Dataset excerpt ::
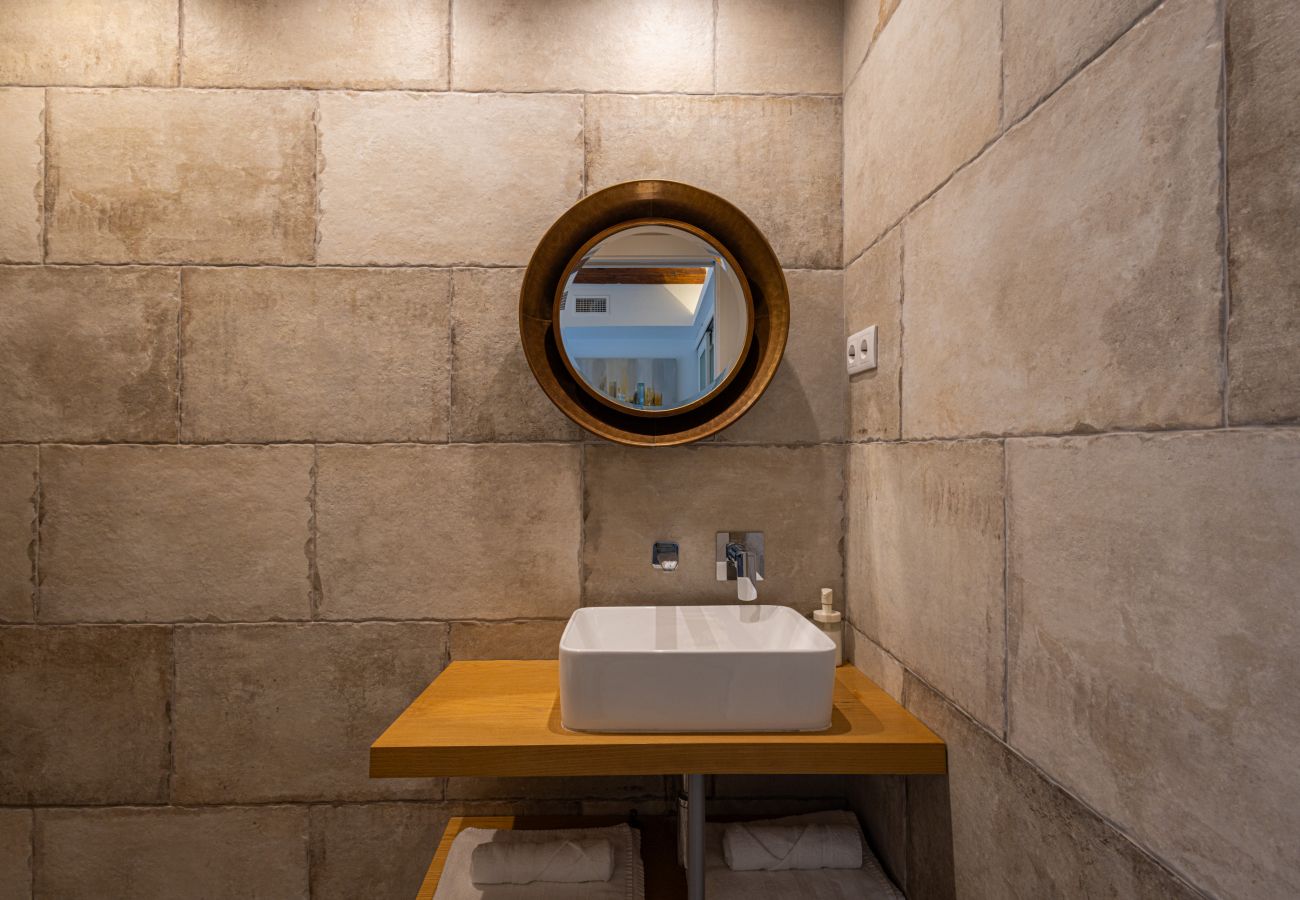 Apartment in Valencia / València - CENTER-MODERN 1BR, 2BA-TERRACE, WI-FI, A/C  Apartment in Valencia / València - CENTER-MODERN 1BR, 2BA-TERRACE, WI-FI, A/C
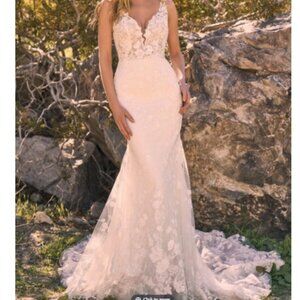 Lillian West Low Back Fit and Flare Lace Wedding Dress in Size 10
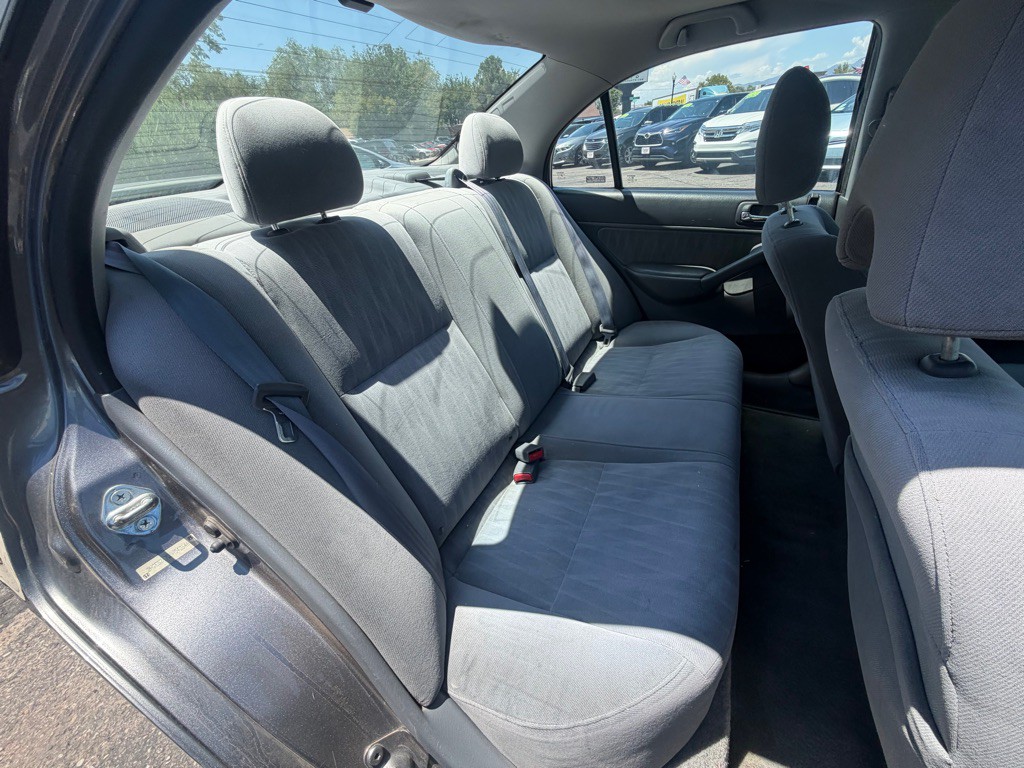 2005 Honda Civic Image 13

What to do ::
Repeat each line above exactly. The pictures stay out.

Reply to the task ::
 Apartment in Valencia / València - CENTER-MODERN 1BR, 2BA-TERRACE, WI-FI, A/C  Apartment in Valencia / València - CENTER-MODERN 1BR, 2BA-TERRACE, WI-FI, A/C
 Lillian West Low Back Fit and Flare Lace Wedding Dress in Size 10
 2005 Honda Civic Image 13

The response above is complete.